PubMed ID (PMID): 33969977Pages 232-242, Language: English
Aim: The purpose of the present study was to determine opinions about beauty and attractiveness, to distinguish the rate of variables among gender and age groups, and to evaluate and determine the most attractive lip surface area (SA) and upper to lower lip ratio.
Material and methods: The study was performed in two phases: In phase 1, a set of 10 internet-based frontal facial images were used to generate 5 synthetic images that were distributed to participants, who were asked to choose the most and least attractive image. A total of 312 responses were received in this phase. In phase 2, the images that had been chosen in phase 1 were manipulated to reduce or augment the lip size. Five images had variable lip SA, and three had variable upper to lower lip ratio. A total of 687 responses were received in phase 2.
Results: The majority of respondents preferred a more natural lip SA, while in terms of upper to lower lip ratio, 1:2 was considered the most attractive ratio, and 2:1 the least attractive.

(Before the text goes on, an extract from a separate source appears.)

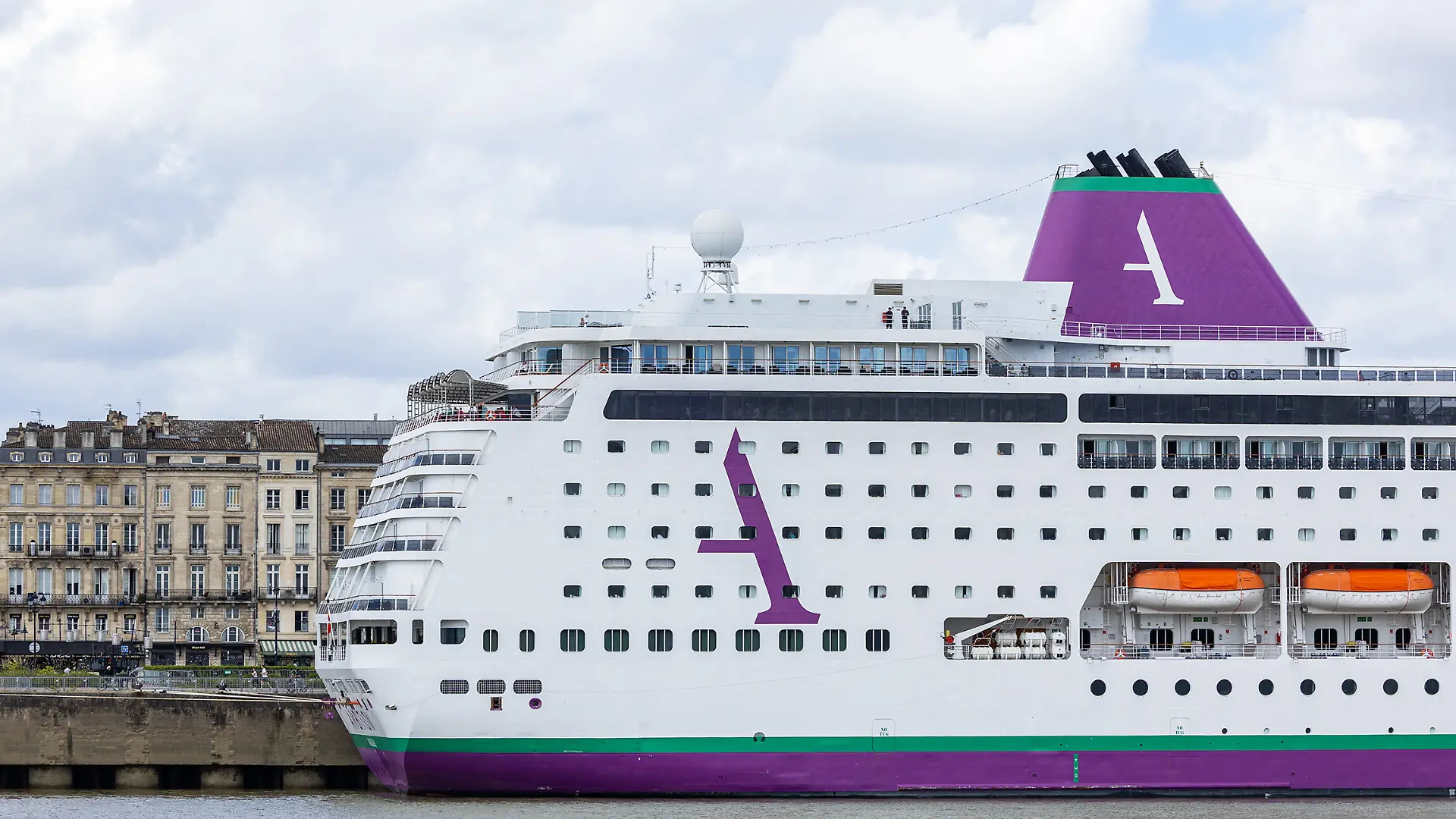 Passengers aboard the Bahamas-registered cruise ship Ambition Ambassador confined following the outbreak of a gastrointestinal illness onboard, at the Bordeaux port in Bordeaux, southwestern France on May 13, 2026. French authorities on May 13 confined more than 1,700 passengers and crew on a British cruise ship docked in Bordeaux after an elderly passenger died, said officials, who played down any links to the hantavirus scare. Photo by Margot Le Gonidec/ABACAPRESS.COM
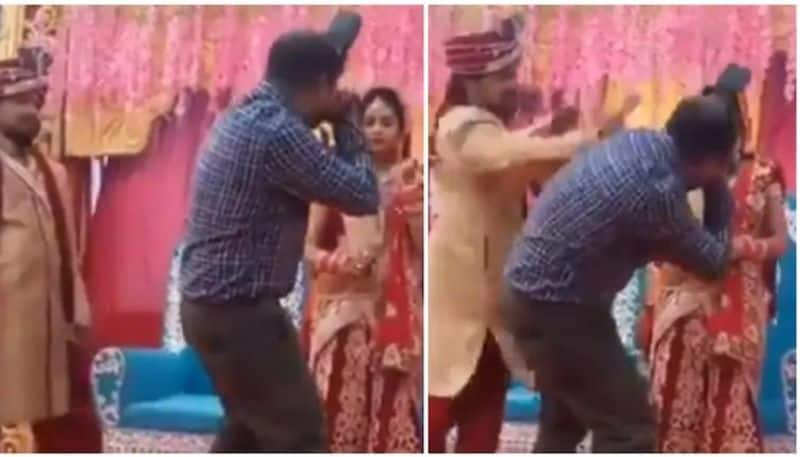 Groom beats photographer during wedding photoshoot in viral video. See bride's reaction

Conclusion: The lips have a great impact on the perception of beauty. Age, gender, trends, and social media all play a role in determining what is considered to be the most attractive lip SA and upper to lower lip ratio.
Clinical significance: The lip SA and upper to lower lip ratios determined in this study may provide guidelines for clinicians in the improvement of facial esthetics. Current trends and social media are the gold standard today regarding patient perception of beauty and esthetics.